__GOAL OF THE EXERCISE__: Copy the records below, from the line containing "Mercedes SLS AMG" through the last line; leave out pictures.

Stored records
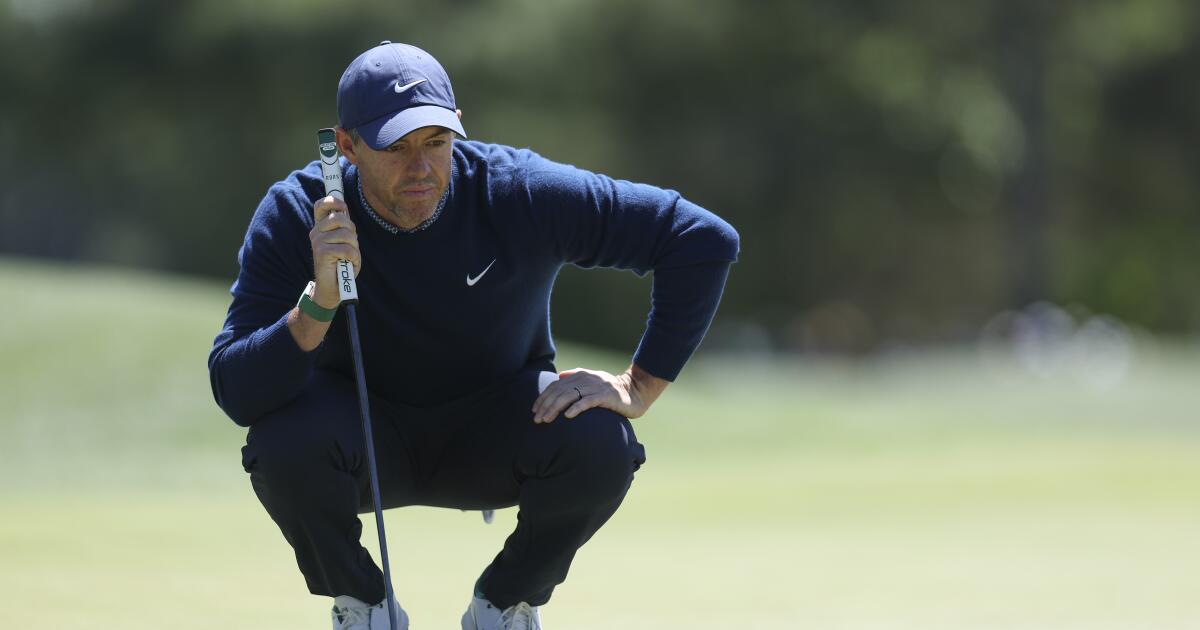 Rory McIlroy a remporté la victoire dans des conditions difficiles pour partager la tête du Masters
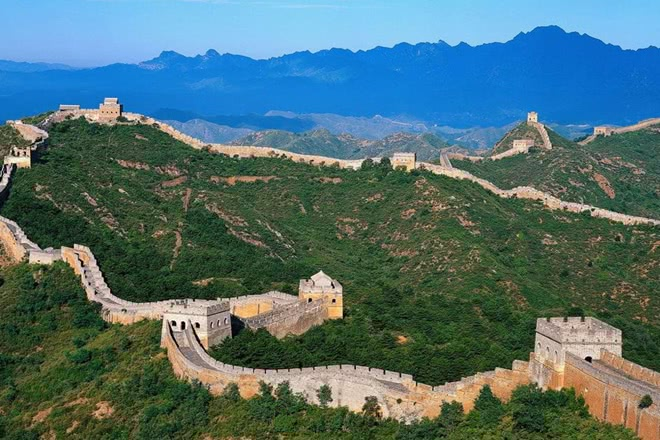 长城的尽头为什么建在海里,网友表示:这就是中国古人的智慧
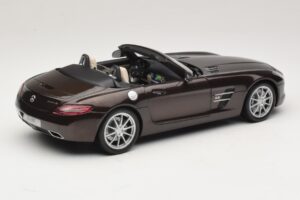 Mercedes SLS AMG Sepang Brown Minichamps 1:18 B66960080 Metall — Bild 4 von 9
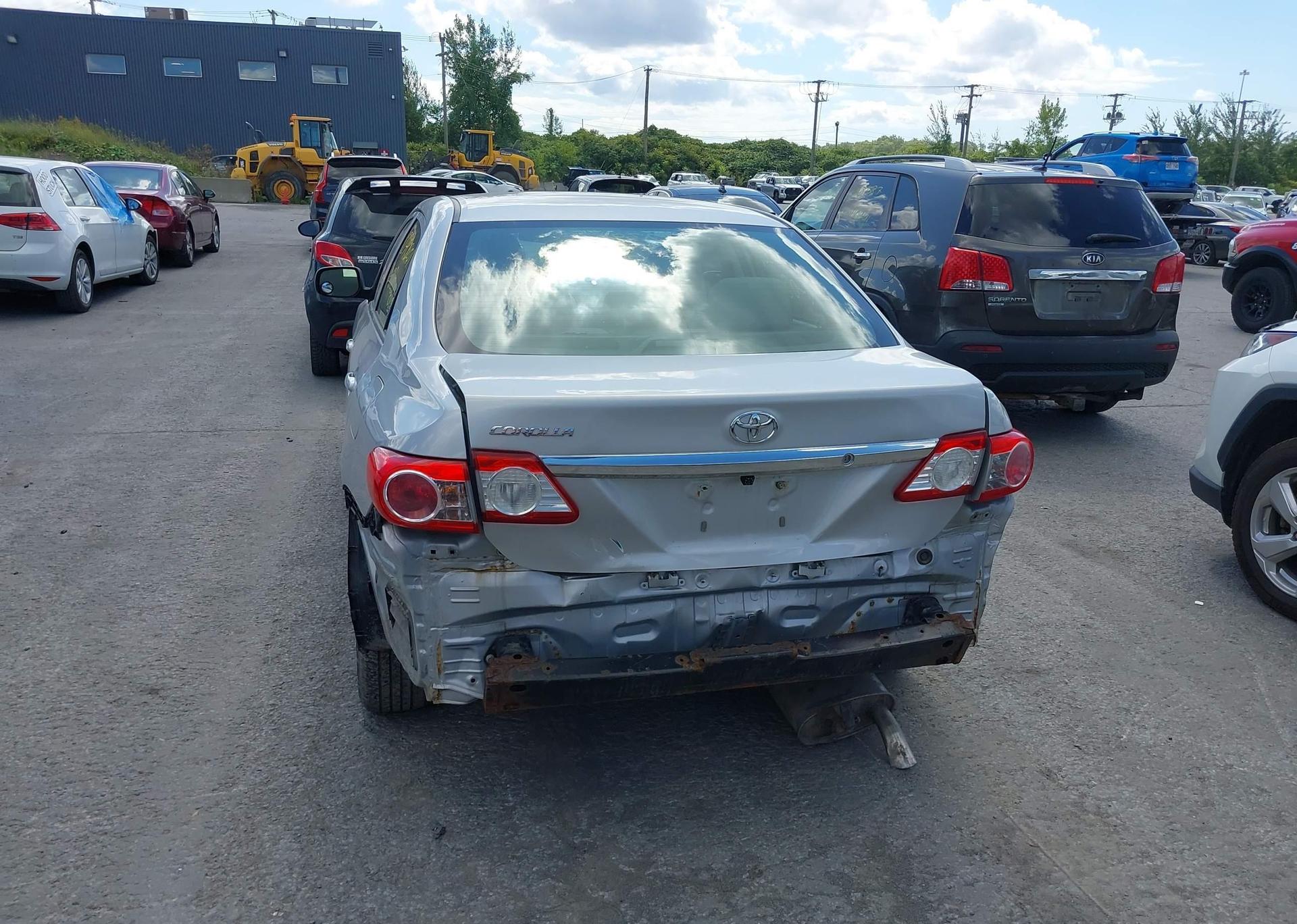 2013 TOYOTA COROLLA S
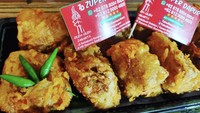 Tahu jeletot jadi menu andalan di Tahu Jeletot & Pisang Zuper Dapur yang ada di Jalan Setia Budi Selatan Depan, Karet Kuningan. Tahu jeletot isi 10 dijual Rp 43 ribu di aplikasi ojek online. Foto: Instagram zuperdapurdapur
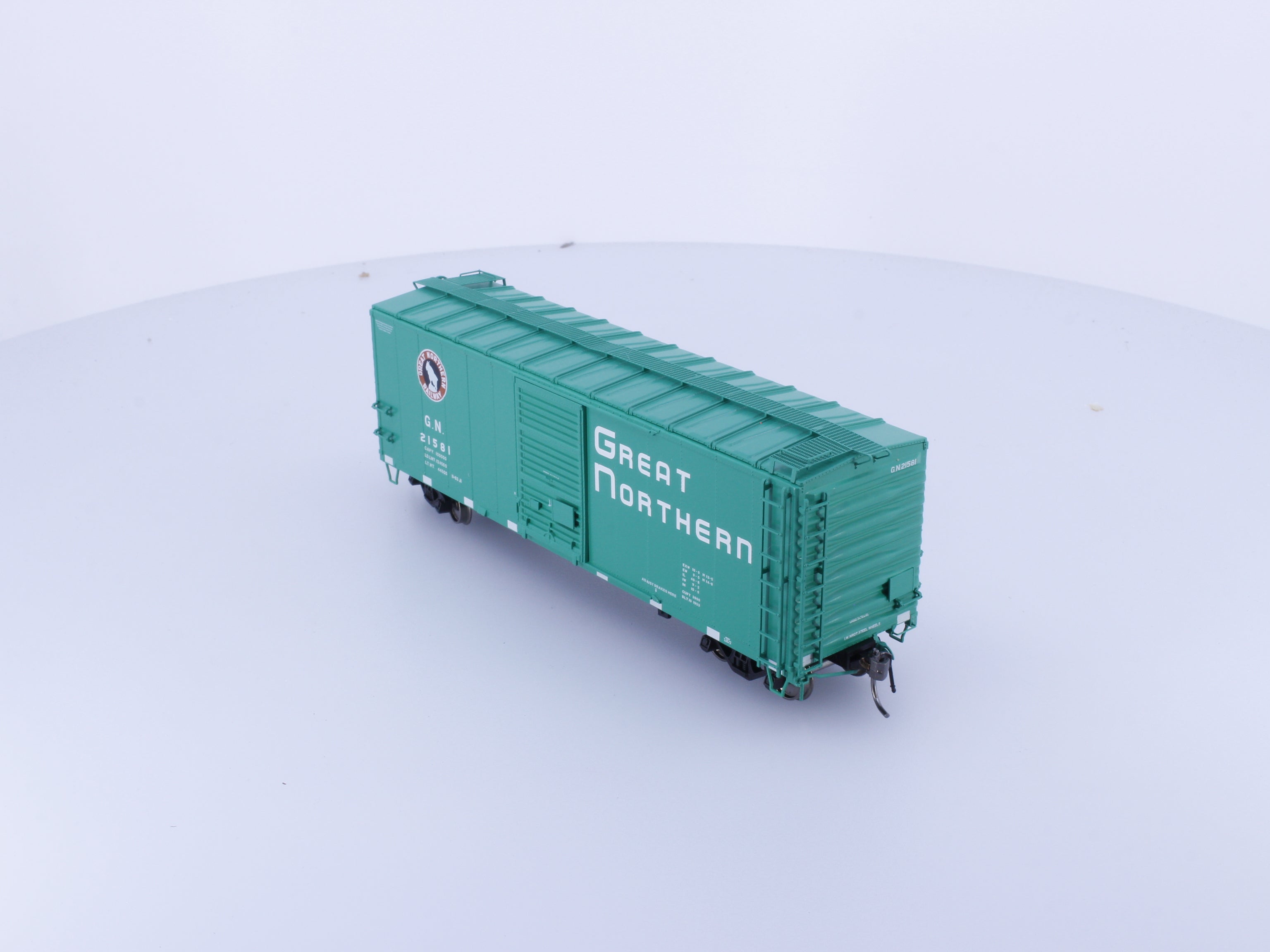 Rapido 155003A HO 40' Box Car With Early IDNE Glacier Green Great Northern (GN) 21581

__TASK RESPONSE__:
 Mercedes SLS AMG Sepang Brown Minichamps 1:18 B66960080 Metall — Bild 4 von 9
 2013 TOYOTA COROLLA S
 Tahu jeletot jadi menu andalan di Tahu Jeletot & Pisang Zuper Dapur yang ada di Jalan Setia Budi Selatan Depan, Karet Kuningan. Tahu jeletot isi 10 dijual Rp 43 ribu di aplikasi ojek online. Foto: Instagram zuperdapurdapur
 Rapido 155003A HO 40' Box Car With Early IDNE Glacier Green Great Northern (GN) 21581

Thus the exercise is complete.